This work was done for Santa Clara University's Deep Learning course taught by Professor Anastasiu
This repository serves as an evaluation and analysis of a state-of-the-art stereo-based depth estimation algorithm called Bi3D. Bi3D was evaluated against two other state-of-the-art stereo-based depth estimation algorithms, AnyNet and LEAStereo.
Both these models were fine-tuned on the KITTI Stereo Evaluation 2015 dataset using weights that had already been trained with SceneFlow. The comparison metrics employed were inference time and three pixel error. We confirmed that for binary classification, Bi3D is indeed faster than both AnyNet and LEAStereo. We also showed that Bi3D had the highest three-pixel error.
Bi3D original implementation found here
AnyNet original implementation found here
LEAStereo original implementation found here
State of the art stereo-based depth estimation algorithms compute depth by testing a number of candidate disparities and then selecting the most likely under some cost function. Therefore, in order to calculate the disparity for each pixel, a continuous depth map needs to be generated. For real-time applications such as autonomous navigation, however, it may be useful to trade accuracy for lower latency. Bi3D presents a method that estimates depth via a series of binary classifications. Rather than testing if objects are at a particular depth D, it classifies them as being closer or farther than D. Bi3D also boasts the ability to estimate depth with arbitrarily coarse quantization, produce quantized levels within a target depth range, or generate a continuous depth map. This fine-grained control is the core strength of Bi3D, allowing one to determine the optimal computation based on the accuracy and time budget allotted.
The following is a brief description of the algorithm, summarized from the original paper
Given two input images and a plane sweep volume built using a range of disparity values that are given as max and min hyperparameters we first perform a homography over a plane generated over a single disparity value from the PSV. The homography, often called warping, generates disparity vectors for pixels or objects of interest in the scene based on some cost matching function. At this step we perform disparity regression and the output of the network is the disparity vectors over the disparities that are in the interval [disparity_min, disparity_max]. This is the general pipeline of existing algorithms but there are two main changes that take place in order to generate binary disparity maps. First we do not need to consider the disparity magnitude when doing binary depth estimation. When two disparity vectors have opposite directions, they are considered to be on opposite sides of the disparity plane therefore doing regression on disparity vectors is redundant for binary depth maps. Second, the range of disparity values that we consider in Bi3D are discrete as compared to existing implementations. In other words, we no longer test disparities in the range [disparity_min, disparity_max] but the disparity values [d0, d1, … , dn]. This significantly reduces the search space and therefore the speed at which the algorithm is able to do inferences. For quantized depth estimation they simply concatenate the results of several binary depth estimations. Similarly for selective depth they consider depth in a smaller interval still using fixed discrete values. Lastly, because they are doing a binary classification the output of the network is no longer parameterized by the cost of matching disparity vectors but a confidence map of the pixels for a disparity plane d_i. The confidence map remaps the pixels into the range [0,1] and tells us the probability that a pixel is in front or behind a plane generated by the PSV.
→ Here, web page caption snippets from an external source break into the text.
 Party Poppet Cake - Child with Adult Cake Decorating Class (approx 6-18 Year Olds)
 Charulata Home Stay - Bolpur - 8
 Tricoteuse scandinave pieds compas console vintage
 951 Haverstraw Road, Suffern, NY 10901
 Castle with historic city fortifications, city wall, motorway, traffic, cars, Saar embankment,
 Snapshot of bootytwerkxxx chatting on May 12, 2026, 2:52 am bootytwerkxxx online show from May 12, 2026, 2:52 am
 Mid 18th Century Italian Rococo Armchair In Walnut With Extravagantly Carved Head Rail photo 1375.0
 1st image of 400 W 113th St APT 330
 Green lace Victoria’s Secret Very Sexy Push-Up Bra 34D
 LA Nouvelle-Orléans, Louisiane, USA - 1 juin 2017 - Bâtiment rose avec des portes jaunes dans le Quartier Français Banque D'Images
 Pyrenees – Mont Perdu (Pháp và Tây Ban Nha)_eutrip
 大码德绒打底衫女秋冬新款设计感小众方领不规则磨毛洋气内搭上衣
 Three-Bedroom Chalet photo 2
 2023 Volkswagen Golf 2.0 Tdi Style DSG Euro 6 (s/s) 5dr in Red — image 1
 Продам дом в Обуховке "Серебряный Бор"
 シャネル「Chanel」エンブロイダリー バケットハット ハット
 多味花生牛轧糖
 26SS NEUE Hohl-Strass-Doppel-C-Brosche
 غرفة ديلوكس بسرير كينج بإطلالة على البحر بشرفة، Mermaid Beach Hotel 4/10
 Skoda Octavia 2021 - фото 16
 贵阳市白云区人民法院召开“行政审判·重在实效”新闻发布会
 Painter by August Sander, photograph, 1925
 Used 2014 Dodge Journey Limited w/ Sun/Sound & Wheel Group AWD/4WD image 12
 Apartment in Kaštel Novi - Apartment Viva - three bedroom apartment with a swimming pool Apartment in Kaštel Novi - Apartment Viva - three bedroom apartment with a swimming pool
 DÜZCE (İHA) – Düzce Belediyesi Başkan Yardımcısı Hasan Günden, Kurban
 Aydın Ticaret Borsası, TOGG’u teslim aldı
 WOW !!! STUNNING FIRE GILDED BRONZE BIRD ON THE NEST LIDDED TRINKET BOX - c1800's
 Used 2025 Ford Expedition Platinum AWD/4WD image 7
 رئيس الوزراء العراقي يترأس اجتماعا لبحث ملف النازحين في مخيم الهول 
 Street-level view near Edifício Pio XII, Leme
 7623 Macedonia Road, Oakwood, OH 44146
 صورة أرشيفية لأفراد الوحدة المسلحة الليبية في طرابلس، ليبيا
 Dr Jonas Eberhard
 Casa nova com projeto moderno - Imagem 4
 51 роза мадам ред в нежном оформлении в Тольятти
The following is a brief description of the algorithm, summarized from the original paper
This model is based on a paradigm called Neural Architecture Search (NAS) which is a technique for automating the design of artificial neural networks. The algorithm iteratively searches for the best architecture by using tiny network topologies that are sequentially stacked on top of each other. Typically the search space for these types of designs can be extremely large but the authors leveraged the success of known stereo architectures to drastically shrink the search space. The model is a volumetric end to end design with approximately 1.81M parameters. As a result, only the Feature Net and Matching Net could be learned. See Figure 9 below for the pipelined structure.
The following is a brief description of the algorithm, summarized from the original paper
The principal contribution of AnyNet is the model size as compared to Bi3D. Because AnyNet uses only 36K parameters it can be used in situations where the computational budget is small which includes mobile devices but it is not limited to that scope as it can also be used on embedded devices. The general operation stack is similar to existing implementations where they run a feature extraction network on images of significantly downscaled resolutions and perform disparity regression to generate a continuous depth map. The lower-level features are combined as residuals with upscaled images that have more feature levels. The novel thing about this network is that we don’t require the network to finish all stages of refinement before we can make inferences therefore depending on our use case we can use a lower resolution depth map if accuracy is not critical.
Due to GitHub size limitations, this repo does not contain the following datasets. These must be downloaded separately.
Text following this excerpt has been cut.